At the team’s Summer League media day, the 11th overall pick was asked if he’d caught any of the internet buzz about the Warriors potentially signing LeBron James and trading for Anthony Davis this offseason. The rookie from Michigan laughed and said his friends have been blowing up his phone nonstop, already picturing a superteam in the Bay.

“It was hard to stay away from because my friends kept saying to me, in the group chats, they’re just telling me, ‘The lineup would be ridiculous,’ and stuff like that,” Lendeborg said. “So, I’m like, man, like, where would I fit in in this, you know?”

How the Warriors could actually pull this off

The idea sounds like a video game cheat code, but there’s actual math behind it. Draymond Green declined his $27.7 million player option, which gave Golden State enough cap flexibility to operate below the luxury tax and first apron. That opens up the non-taxpayer mid-level exception worth around $15.1 million, or a smaller taxpayer MLE at roughly $6.1 million, either of which could be used to sign LeBron if he wants to take a serious pay cut to chase another ring.

Then there’s the Jimmy Butler contract. Butler is on an expiring $56.8 million deal, and if the Warriors and Wizards get creative, Davis could end up in a Golden State uniform too. Add 37-year-old LeBron and 33-year-old AD to Stephen Curry and an aging roster, and you’ve got a title window that’s both incredibly exciting and terrifyingly fragile from an injury standpoint.
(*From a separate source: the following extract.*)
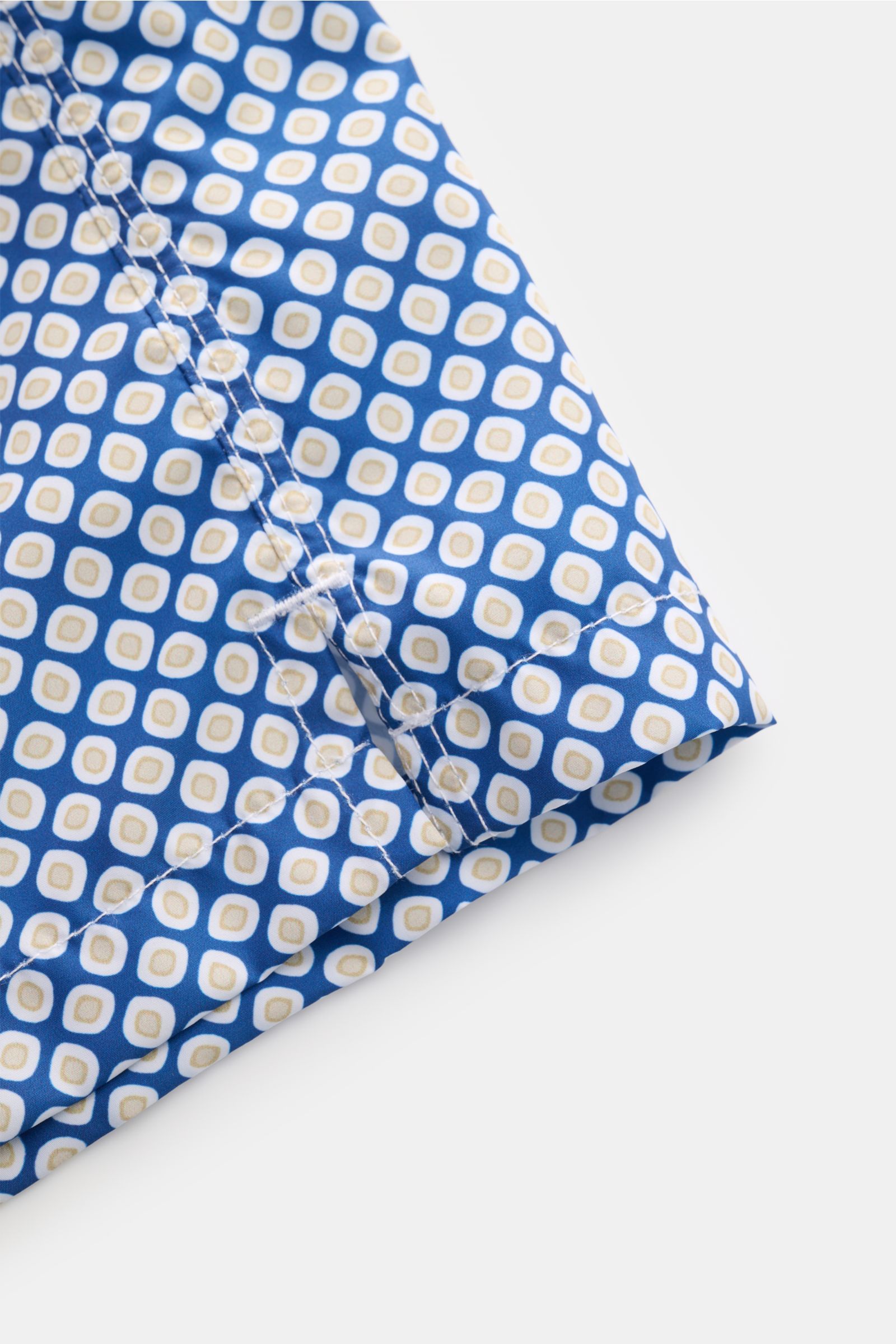 Fedeli Badeshorts 'Madeira Airstop' dunkelblau/beige gemustert, Detailansicht mit Saumschlitz, recycelte Microfaser, Regular Fit, Tunnelzugbund.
Lendeborg, who grew up a Kyrie Irving fan and admitted to being a Curry “hater” during those Cavaliers-Warriors Finals wars, sees the irony in it all. His own nickname is “Dominican LeBron.” So yeah, his friends want to know if he’s about to win a ring as a rookie.

“They just wanted to know if I was getting to play with LeBron, Stephen, and Draymond,” Lendeborg explained. “Playing with a bunch of guys that’ve been doing this for a long time. Played with each other on the Olympic gold medal team and stuff, so I mean, they’re just trying to figure out, man, am I going to get a ring my first year, you know? That would be something to tell. But hopefully it all happens. We’ll see how it goes.”

What happens to the kid if the big deals go through?

Lendeborg profiles as a versatile defender and connective glue piece — exactly the kind of cheap, young energy a veteran-laden team needs. He sees himself as the guy diving for loose balls and chasing plays so the old heads can save their legs for crunch time. But he’s also aware that in blockbuster trades, rookies are often the first chips to get moved.

“Hopefully I don’t get the back end of that and get traded,” Lendeborg said. “Hopefully, I can stick around to see how that goes, and learn from all the veterans that are gonna come in.”

General manager Mike Dunleavy and owner Joe Lacob have both spoken highly of the 23-year-old, which suggests he’s not just filler in their eyes. But in a league where stars move mountains, nobody’s untouchable until the ink dries.